I therefore have great respect for those who plan for meetings – particularly such large meetings as the All-American Council – because they provide for all of us an opportunity to engage in this sacred activity, together. And so, on behalf of all of us gathered here this evening, I express my sincere thanks to His Grace, Bishop Paul of Chicago, who is not only our host this week, but has also faithfully served as chair of the Preconciliar Commission, overseeing this important group, by his calm and steady manner, in all the many and complex preparations that were necessary to bring us here today. It is no small task, and we offer our sincere appreciation to you, Your Grace, and to the many in the Diocese of the Midwest who helped you, especially Father Timothy Sawchak and Mr. Robert Butchko, the Clergy and Lay Chairs of the Preconciliar Commission, who very excellently engaged the local deanery and parishes and tirelessly coordinated the local planning.

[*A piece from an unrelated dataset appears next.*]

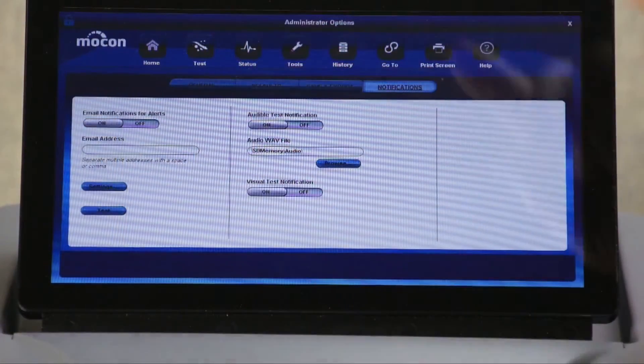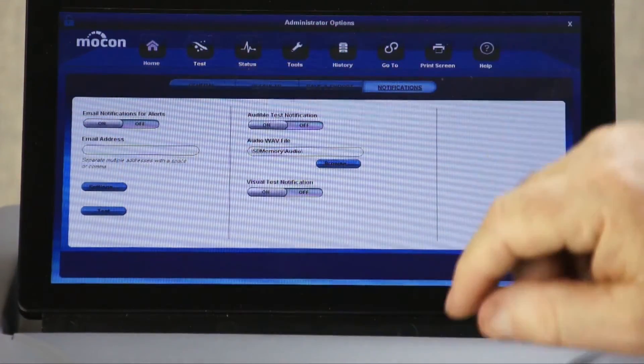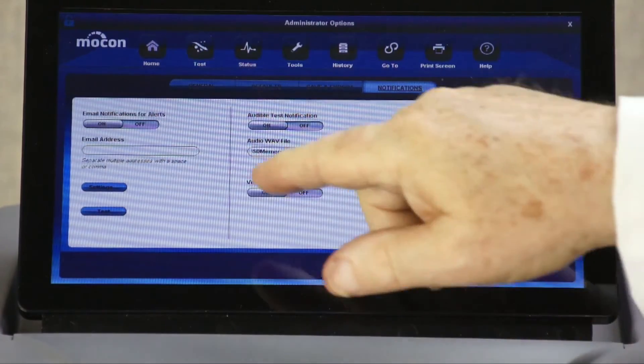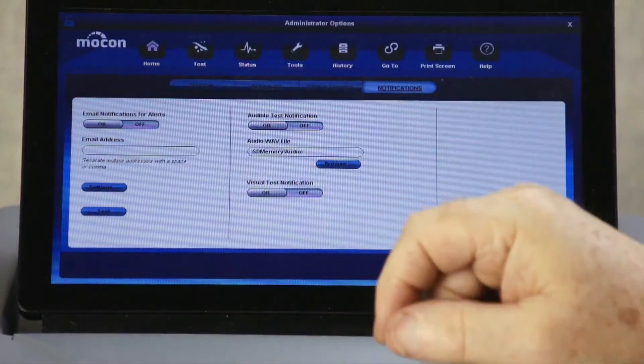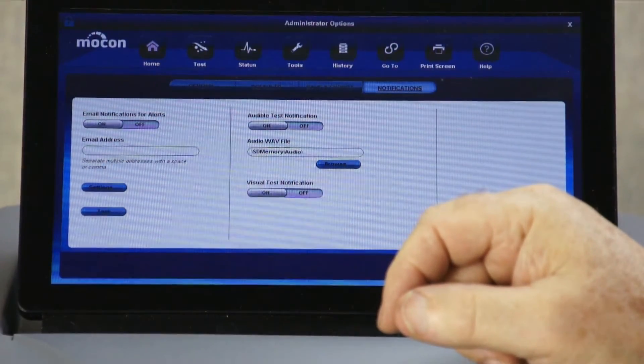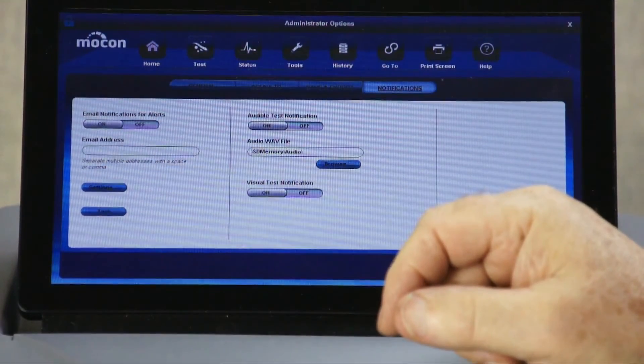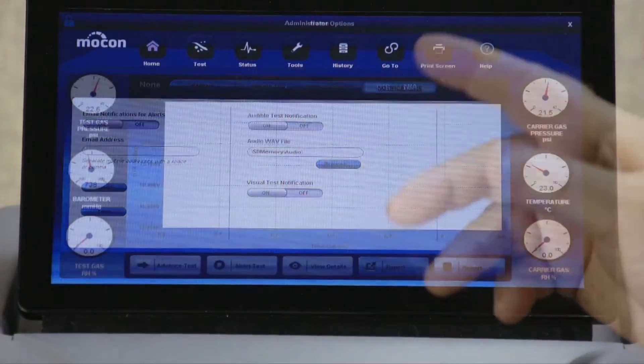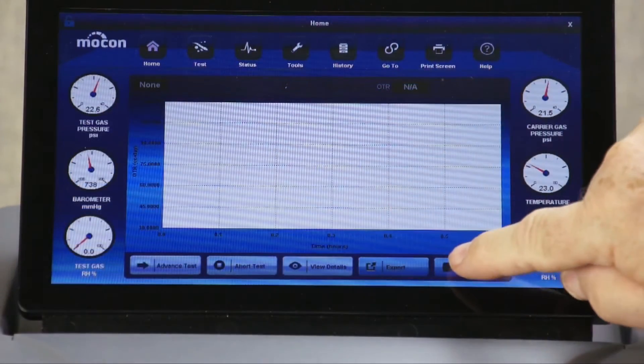Your operator can now receive automatic emails when a test has been completed or if there has been a test error. You'll always know when a test is completed, no matter where you are.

Above all, we must give due recognition to Deacon Peter Ilchuk, our Council Manager, who has shouldered, and continues to shoulder, the monumental task of managing all of this – and if any of you have tried to manage something, you know how difficult a task that can be. Deacon Peter, you have served us most admirably, and we thank you for your sacrificial ministry.
This is my second All-American Council since my election. During the past six years, I have sought, with God’s help and your prayers, to both fulfill the responsibilities of this office and reflect upon the ways that this Church, the autocephalous Orthodox Church in America, ought to continue to forge her identity in this world.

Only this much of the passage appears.